If (the hypothesis and) these two equivalent conditions (A) and (B) hold, then $\sigma_n^2 = n \cdot h(n)$ for some function $h(t),\ t \in(0, \infty)$ which is slowly varying as $t \to\infty$.

Here $S_n := X_1 + X_2 + \dots+ X_n$; and $\Rightarrow$ denotes convergence in distribution. The assumption $ES_n^2 \to\infty$ is needed here in order to avoid trivial $\alpha$-mixing (or even 1-dependent) counterexamples in which a kind of “cancellation” prevents the partial sums $S_n$ from “growing” (in probability) and becoming asymptotically normal.

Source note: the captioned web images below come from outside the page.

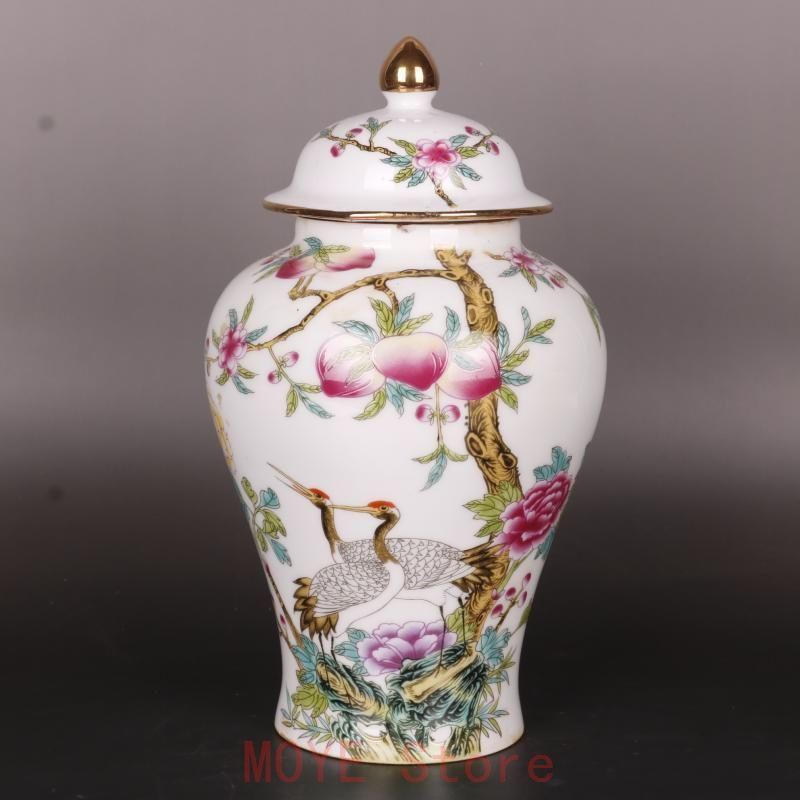 清乾隆粉彩福寿桃紋将軍缶 景徳鎮 陶磁器 装飾品 現代工芸品 美術品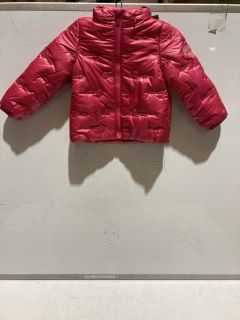 GUESS CHILDRENS EMBROIDERY PUFFER JACKET, PINK, SIZE 2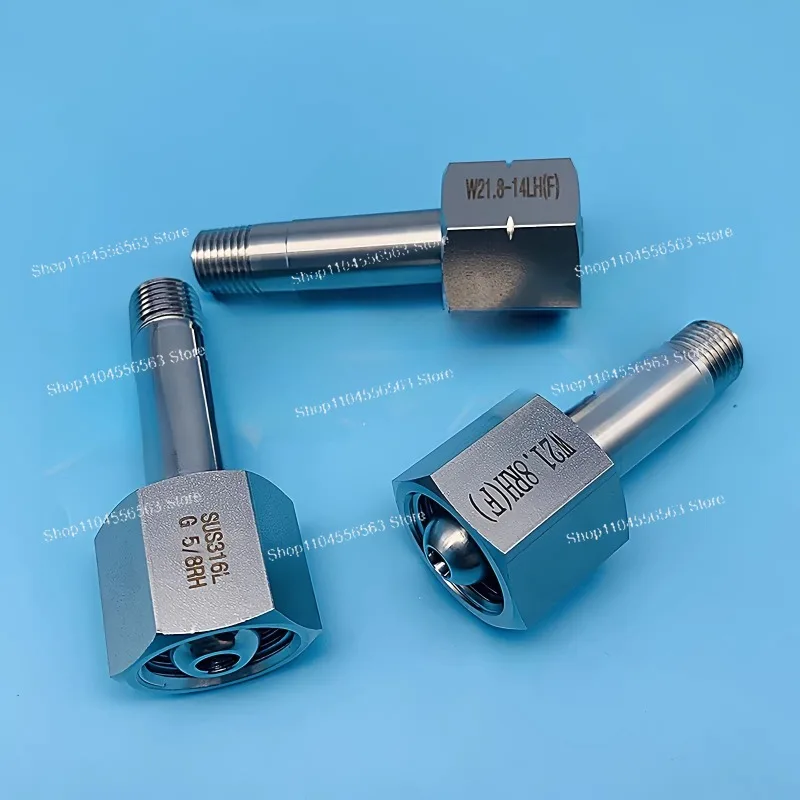 316L cylinder connector nitrogen G5/8 to NPT1/4 cylinder BS341-8 DIN477 W21.8-14 thread
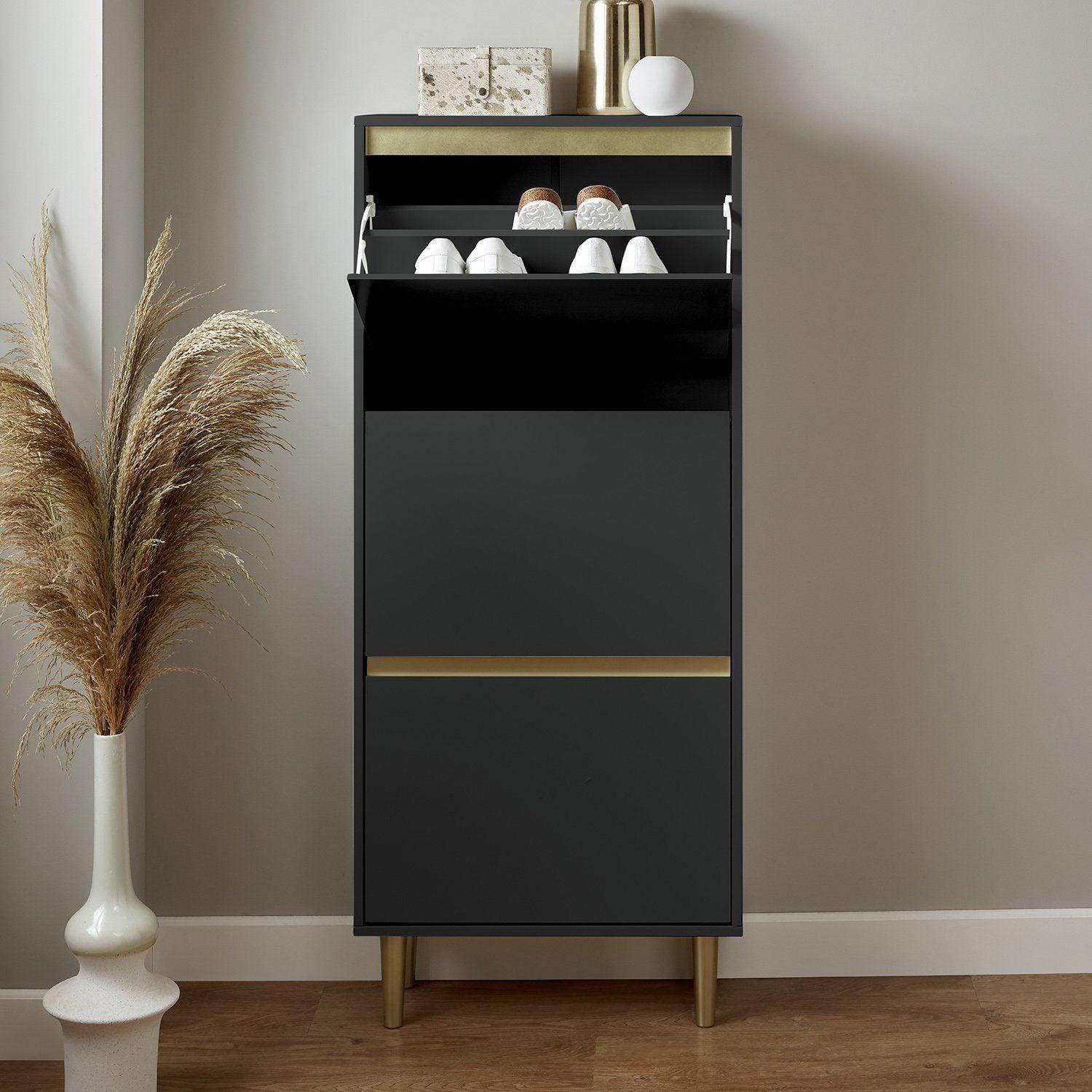 Iliana shoe cabinet - 3 door - charcoal grey - Laura James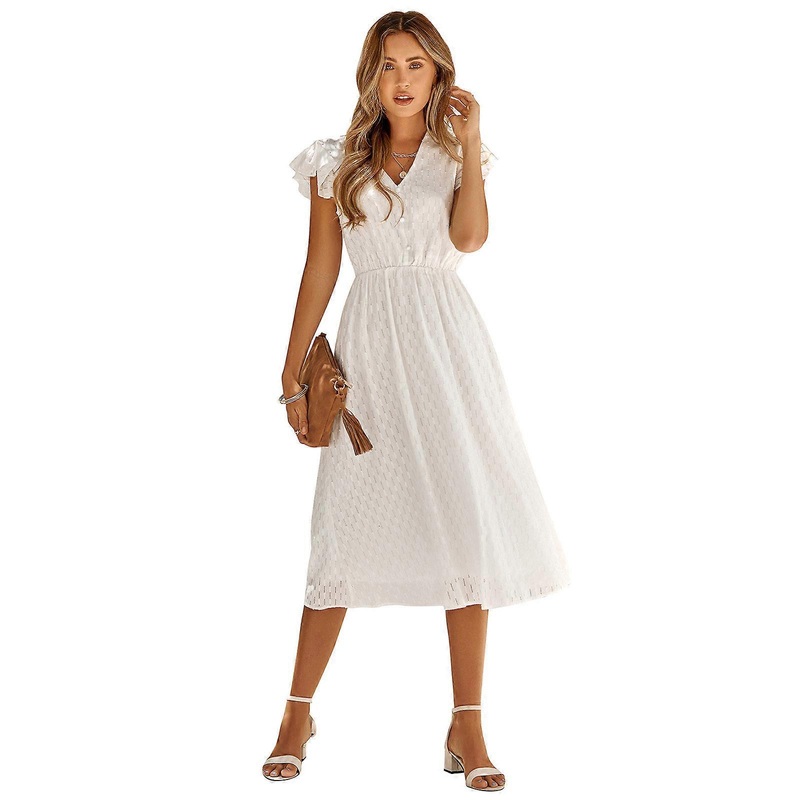 Womens Summer Short Sleeve V-Neck Solid Color Party Midi Dress Ruffle Cap Sleeve Midi Dress A-line Dress  White XL | Fruugo SG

In the context of Theorem 1, if one wants to obtain asymptotic normality of the partial sums (as in condition (B)) without an explicit uniform integrability assumption on the partial sums (as in condition (A)), then as an alternative, one can impose a combination of assumptions on, say, (i) the (marginal) distribution of $X_0$ and (ii) the rate of decay of the numbers $\alpha(n)$ to 0 (the “mixing rate”). This involves a “trade-off”; the weaker one assumption is, the stronger the other has to be. One such CLT of Ibragimov in 1962 involved such a “trade-off” in which it is assumed that for some $\delta> 0$, $E|X_0|^{2 + \delta} < \infty$ and $\sum_{n=1}^\infty[\alpha(n)]^{\delta/(2 + \delta)} < \infty$. Counterexamples of Davydov in 1973 (with just slightly weaker properties) showed that that result is quite sharp. However, it is not at the exact “borderline”. From a covariance inequality of Rio in 1993 and a CLT (in fact a weak invariance principle) of Doukhan, Massart, and Rio in 1994, it became clear that the “exact borderline” CLTs of this kind have to involve quantiles of the (marginal) distribution of $X_0$ (rather than just moments). For a generously detailed exposition of such CLTs, see [Br, v1, Chapter 10]; and for further related results, see also Rio [Ri].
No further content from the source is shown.